**** Materials provided ****

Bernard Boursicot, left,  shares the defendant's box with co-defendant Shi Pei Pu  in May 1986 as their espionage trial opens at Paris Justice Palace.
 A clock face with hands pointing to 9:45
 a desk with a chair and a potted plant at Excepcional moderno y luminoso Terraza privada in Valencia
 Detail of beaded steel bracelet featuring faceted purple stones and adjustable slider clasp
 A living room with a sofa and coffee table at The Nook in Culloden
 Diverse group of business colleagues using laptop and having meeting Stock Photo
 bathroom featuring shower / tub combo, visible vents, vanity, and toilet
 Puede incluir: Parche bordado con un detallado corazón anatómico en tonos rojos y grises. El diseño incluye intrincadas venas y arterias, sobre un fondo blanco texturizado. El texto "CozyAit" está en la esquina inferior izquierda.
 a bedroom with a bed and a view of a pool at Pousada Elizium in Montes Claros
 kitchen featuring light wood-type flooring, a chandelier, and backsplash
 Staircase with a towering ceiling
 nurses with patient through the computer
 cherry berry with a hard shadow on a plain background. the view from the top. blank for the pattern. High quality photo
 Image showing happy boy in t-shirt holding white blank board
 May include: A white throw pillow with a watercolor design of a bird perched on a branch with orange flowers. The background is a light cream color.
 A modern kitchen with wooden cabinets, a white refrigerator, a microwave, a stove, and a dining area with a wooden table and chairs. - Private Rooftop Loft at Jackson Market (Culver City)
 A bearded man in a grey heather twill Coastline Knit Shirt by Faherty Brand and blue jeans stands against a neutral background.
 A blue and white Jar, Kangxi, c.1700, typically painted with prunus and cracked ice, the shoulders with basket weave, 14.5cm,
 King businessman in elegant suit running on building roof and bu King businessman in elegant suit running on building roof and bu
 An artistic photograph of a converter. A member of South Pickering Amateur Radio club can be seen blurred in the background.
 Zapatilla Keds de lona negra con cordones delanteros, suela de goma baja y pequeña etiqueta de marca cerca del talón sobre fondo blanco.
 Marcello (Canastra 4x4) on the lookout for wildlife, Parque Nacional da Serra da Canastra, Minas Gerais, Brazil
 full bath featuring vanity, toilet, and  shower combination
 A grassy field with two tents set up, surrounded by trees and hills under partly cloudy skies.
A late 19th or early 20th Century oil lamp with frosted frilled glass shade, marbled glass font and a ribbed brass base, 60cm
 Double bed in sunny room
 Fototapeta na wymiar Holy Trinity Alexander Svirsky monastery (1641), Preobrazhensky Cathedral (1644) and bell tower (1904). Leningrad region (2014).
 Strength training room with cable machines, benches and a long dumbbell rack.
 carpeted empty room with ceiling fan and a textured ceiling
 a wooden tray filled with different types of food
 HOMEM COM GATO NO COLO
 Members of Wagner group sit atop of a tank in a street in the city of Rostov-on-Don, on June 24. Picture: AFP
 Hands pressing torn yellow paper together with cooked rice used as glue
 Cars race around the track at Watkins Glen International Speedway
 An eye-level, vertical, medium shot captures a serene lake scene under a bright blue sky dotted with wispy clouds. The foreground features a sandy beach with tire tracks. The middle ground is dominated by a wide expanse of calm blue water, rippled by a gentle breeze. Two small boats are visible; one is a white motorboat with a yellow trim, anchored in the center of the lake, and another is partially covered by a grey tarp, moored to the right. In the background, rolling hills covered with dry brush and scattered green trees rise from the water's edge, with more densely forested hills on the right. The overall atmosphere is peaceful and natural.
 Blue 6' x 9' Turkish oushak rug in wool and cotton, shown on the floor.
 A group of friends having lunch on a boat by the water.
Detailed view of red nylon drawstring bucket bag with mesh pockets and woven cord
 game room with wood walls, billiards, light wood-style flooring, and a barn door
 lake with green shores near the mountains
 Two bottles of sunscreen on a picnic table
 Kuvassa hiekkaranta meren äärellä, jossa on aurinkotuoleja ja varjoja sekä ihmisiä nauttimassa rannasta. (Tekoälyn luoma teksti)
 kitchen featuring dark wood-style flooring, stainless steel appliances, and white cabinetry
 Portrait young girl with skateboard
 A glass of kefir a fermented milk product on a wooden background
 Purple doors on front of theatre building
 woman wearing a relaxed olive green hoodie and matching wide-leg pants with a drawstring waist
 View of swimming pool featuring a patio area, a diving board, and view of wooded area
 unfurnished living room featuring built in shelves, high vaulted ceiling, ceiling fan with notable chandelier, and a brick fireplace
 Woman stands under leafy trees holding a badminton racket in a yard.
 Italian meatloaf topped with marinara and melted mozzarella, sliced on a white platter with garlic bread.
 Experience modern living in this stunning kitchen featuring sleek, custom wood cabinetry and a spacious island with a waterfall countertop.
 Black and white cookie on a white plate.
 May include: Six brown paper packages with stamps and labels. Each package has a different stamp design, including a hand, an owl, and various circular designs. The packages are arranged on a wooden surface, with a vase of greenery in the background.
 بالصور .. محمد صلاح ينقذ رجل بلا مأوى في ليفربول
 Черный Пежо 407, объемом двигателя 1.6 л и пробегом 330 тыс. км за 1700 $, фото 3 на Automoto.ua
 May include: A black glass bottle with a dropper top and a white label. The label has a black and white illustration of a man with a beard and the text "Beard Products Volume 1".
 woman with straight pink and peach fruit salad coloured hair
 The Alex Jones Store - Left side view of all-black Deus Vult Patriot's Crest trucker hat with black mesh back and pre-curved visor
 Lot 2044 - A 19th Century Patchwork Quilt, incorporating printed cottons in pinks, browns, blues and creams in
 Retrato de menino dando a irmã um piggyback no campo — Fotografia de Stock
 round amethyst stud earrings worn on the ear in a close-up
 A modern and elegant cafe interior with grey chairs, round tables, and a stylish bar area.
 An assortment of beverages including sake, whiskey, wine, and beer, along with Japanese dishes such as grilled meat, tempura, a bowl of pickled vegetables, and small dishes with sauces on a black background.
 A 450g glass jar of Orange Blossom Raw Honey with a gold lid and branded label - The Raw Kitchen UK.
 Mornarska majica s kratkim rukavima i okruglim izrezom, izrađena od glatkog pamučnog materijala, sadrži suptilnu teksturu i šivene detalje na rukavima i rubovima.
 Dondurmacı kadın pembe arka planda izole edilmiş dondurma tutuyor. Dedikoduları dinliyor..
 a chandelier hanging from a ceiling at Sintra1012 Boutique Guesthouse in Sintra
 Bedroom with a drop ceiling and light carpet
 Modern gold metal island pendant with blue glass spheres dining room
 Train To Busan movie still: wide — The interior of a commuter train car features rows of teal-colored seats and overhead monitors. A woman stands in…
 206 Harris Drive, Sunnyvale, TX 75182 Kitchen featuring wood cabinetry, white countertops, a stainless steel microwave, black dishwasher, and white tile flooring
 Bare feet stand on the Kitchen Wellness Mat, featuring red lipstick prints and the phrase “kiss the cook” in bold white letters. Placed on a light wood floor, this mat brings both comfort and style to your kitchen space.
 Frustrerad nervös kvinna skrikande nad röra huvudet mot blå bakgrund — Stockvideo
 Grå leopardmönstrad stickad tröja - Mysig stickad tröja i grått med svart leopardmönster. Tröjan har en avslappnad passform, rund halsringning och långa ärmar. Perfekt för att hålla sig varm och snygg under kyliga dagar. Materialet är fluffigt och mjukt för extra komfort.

****

- [Your assignment]
If a line comes after the one that contains "nurses with patient through the computer", leave it out; return every line of the entries up to that point exactly, starting with the first, with that line included.

- [Solution to the exercise]
Bernard Boursicot, left,  shares the defendant's box with co-defendant Shi Pei Pu  in May 1986 as their espionage trial opens at Paris Justice Palace.
 A clock face with hands pointing to 9:45
 a desk with a chair and a potted plant at Excepcional moderno y luminoso Terraza privada in Valencia
 Detail of beaded steel bracelet featuring faceted purple stones and adjustable slider clasp
 A living room with a sofa and coffee table at The Nook in Culloden
 Diverse group of business colleagues using laptop and having meeting Stock Photo
 bathroom featuring shower / tub combo, visible vents, vanity, and toilet
 Puede incluir: Parche bordado con un detallado corazón anatómico en tonos rojos y grises. El diseño incluye intrincadas venas y arterias, sobre un fondo blanco texturizado. El texto "CozyAit" está en la esquina inferior izquierda.
 a bedroom with a bed and a view of a pool at Pousada Elizium in Montes Claros
 kitchen featuring light wood-type flooring, a chandelier, and backsplash
 Staircase with a towering ceiling
 nurses with patient through the computer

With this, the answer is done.